To resolve this issue, use the join
operator to join the channels into a single input channel before invoking the process:
workflow {
ch_bam = channel.of( ['1', '1.bam'], ['2', '2.bam'] )
ch_bai = channel.of( ['2', '2.bai'], ['1', '1.bai'] )
check_bam_bai(ch_bam.join(ch_bai))
}
process check_bam_bai {
input:
tuple val(id), file(bam), file(bai)
script:
"""
check_bam_bai $bam $bai
"""
}
Tips
Resuming from a specific run
Nextflow resumes from the previous run by default. If you want to resume from an earlier run, simply specify the session ID for that run with the -resume
option:
nextflow run rnaseq-nf -resume 4dc656d2-c410-44c8-bc32-7dd0ea87bebf
You can use the log command to view all previous runs as well as the task executions for each run.
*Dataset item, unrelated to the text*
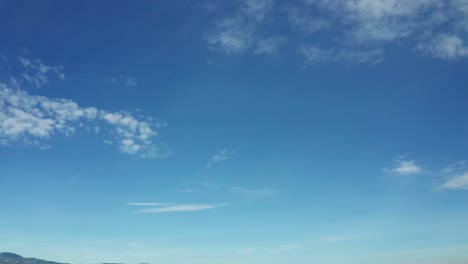 a loop of clouds in the sunny skies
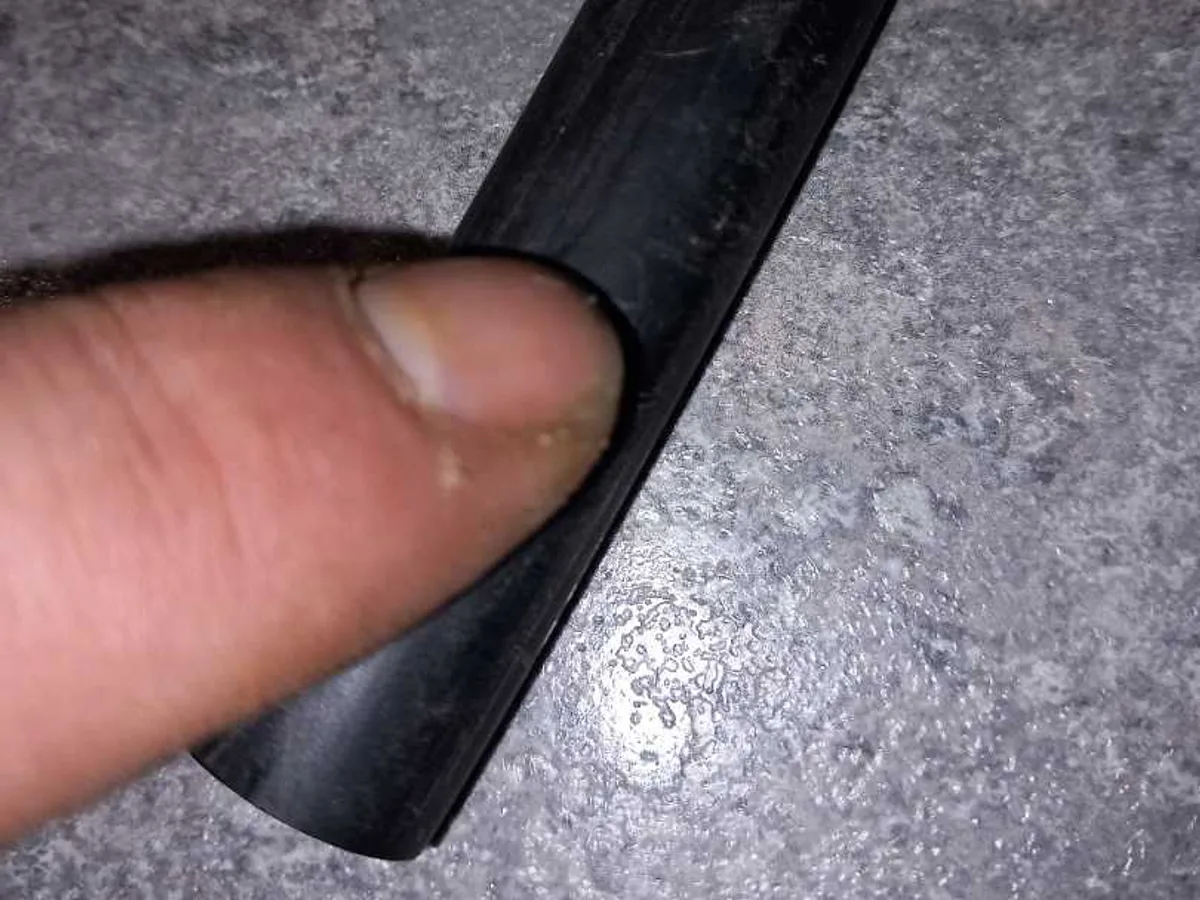 fault identified at section of old black plastic mains pipe crushed by timber — leak located at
Comparing the hashes of two runs
One way to debug a resumed run is to compare the task hashes of each run using the -dump-hashes
option.
Perform an initial run:
nextflow -log run_initial.log run <pipeline> -dump-hashes
Perform a resumed run:
nextflow -log run_resumed.log run <pipeline> -dump-hashes -resume
Extract the task hash lines from each log (search for
cache hash:
)Compare the runs with a diff viewer
While some manual effort is required, the final diff can often reveal the exact change that caused a task to be re-executed.
New in version 23.10.0.
When using -dump-hashes json
, the task hashes can be more easily extracted into a diff. Here is an example Bash script to perform two runs and produce a diff:
nextflow -log run_1.log run $pipeline -dump-hashes json
nextflow -log run_2.log run $pipeline -dump-hashes json -resume
get_hashes() {
cat $1 \
| grep 'cache hash:' \
| cut -d ' ' -f 10- \
| sort \
| awk '{ print; print ""; }'
}
get_hashes run_1.log > run_1.tasks.log
get_hashes run_2.log > run_2.tasks.log
diff run_1.tasks.log run_2.tasks.log
You can then view the diff
output or use a graphical diff viewer to compare run_1.tasks.log
and run_2.tasks.log
.
New in version 25.04.0: Nextflow now has a built-in way to compare two task runs. See the Getting started with data lineage guide for details.